The task here is to set down every line of the listing exactly.

- Opening Delimiter -

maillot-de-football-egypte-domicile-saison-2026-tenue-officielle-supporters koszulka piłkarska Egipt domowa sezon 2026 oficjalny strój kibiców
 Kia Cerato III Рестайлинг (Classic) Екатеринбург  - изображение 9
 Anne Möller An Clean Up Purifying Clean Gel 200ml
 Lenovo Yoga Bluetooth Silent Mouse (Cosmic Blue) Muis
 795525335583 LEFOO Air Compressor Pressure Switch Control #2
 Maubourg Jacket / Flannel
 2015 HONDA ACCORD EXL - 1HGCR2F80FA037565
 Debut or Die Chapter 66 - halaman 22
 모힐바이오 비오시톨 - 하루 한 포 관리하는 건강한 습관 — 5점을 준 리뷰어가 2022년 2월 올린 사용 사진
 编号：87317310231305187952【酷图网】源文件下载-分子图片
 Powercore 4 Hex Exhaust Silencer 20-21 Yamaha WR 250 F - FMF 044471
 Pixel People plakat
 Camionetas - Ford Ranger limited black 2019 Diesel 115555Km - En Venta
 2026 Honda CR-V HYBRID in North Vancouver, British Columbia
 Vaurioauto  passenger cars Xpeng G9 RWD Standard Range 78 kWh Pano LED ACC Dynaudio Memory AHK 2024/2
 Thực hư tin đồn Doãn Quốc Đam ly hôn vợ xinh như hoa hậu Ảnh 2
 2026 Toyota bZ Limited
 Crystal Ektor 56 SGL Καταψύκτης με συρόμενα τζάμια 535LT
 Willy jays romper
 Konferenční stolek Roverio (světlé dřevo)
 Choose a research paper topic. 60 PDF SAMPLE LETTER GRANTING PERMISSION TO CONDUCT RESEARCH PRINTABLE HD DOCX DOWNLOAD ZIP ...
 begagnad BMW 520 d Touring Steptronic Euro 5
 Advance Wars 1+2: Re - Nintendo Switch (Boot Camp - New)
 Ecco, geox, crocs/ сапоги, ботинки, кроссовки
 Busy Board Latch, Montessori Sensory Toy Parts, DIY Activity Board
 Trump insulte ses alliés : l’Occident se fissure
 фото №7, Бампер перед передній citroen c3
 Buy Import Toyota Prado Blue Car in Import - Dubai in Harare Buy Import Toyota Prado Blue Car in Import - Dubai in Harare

- Closing Delimiter -

# EXERCISE RESPONSE
maillot-de-football-egypte-domicile-saison-2026-tenue-officielle-supporters koszulka piłkarska Egipt domowa sezon 2026 oficjalny strój kibiców
 Kia Cerato III Рестайлинг (Classic) Екатеринбург  - изображение 9
 Anne Möller An Clean Up Purifying Clean Gel 200ml
 Lenovo Yoga Bluetooth Silent Mouse (Cosmic Blue) Muis
 795525335583 LEFOO Air Compressor Pressure Switch Control #2
 Maubourg Jacket / Flannel
 2015 HONDA ACCORD EXL - 1HGCR2F80FA037565
 Debut or Die Chapter 66 - halaman 22
 모힐바이오 비오시톨 - 하루 한 포 관리하는 건강한 습관 — 5점을 준 리뷰어가 2022년 2월 올린 사용 사진
 编号：87317310231305187952【酷图网】源文件下载-分子图片
 Powercore 4 Hex Exhaust Silencer 20-21 Yamaha WR 250 F - FMF 044471
 Pixel People plakat
 Camionetas - Ford Ranger limited black 2019 Diesel 115555Km - En Venta
 2026 Honda CR-V HYBRID in North Vancouver, British Columbia
 Vaurioauto  passenger cars Xpeng G9 RWD Standard Range 78 kWh Pano LED ACC Dynaudio Memory AHK 2024/2
 Thực hư tin đồn Doãn Quốc Đam ly hôn vợ xinh như hoa hậu Ảnh 2
 2026 Toyota bZ Limited
 Crystal Ektor 56 SGL Καταψύκτης με συρόμενα τζάμια 535LT
 Willy jays romper
 Konferenční stolek Roverio (světlé dřevo)
 Choose a research paper topic. 60 PDF SAMPLE LETTER GRANTING PERMISSION TO CONDUCT RESEARCH PRINTABLE HD DOCX DOWNLOAD ZIP ...
 begagnad BMW 520 d Touring Steptronic Euro 5
 Advance Wars 1+2: Re - Nintendo Switch (Boot Camp - New)
 Ecco, geox, crocs/ сапоги, ботинки, кроссовки
 Busy Board Latch, Montessori Sensory Toy Parts, DIY Activity Board
 Trump insulte ses alliés : l’Occident se fissure
 фото №7, Бампер перед передній citroen c3
 Buy Import Toyota Prado Blue Car in Import - Dubai in Harare Buy Import Toyota Prado Blue Car in Import - Dubai in Harare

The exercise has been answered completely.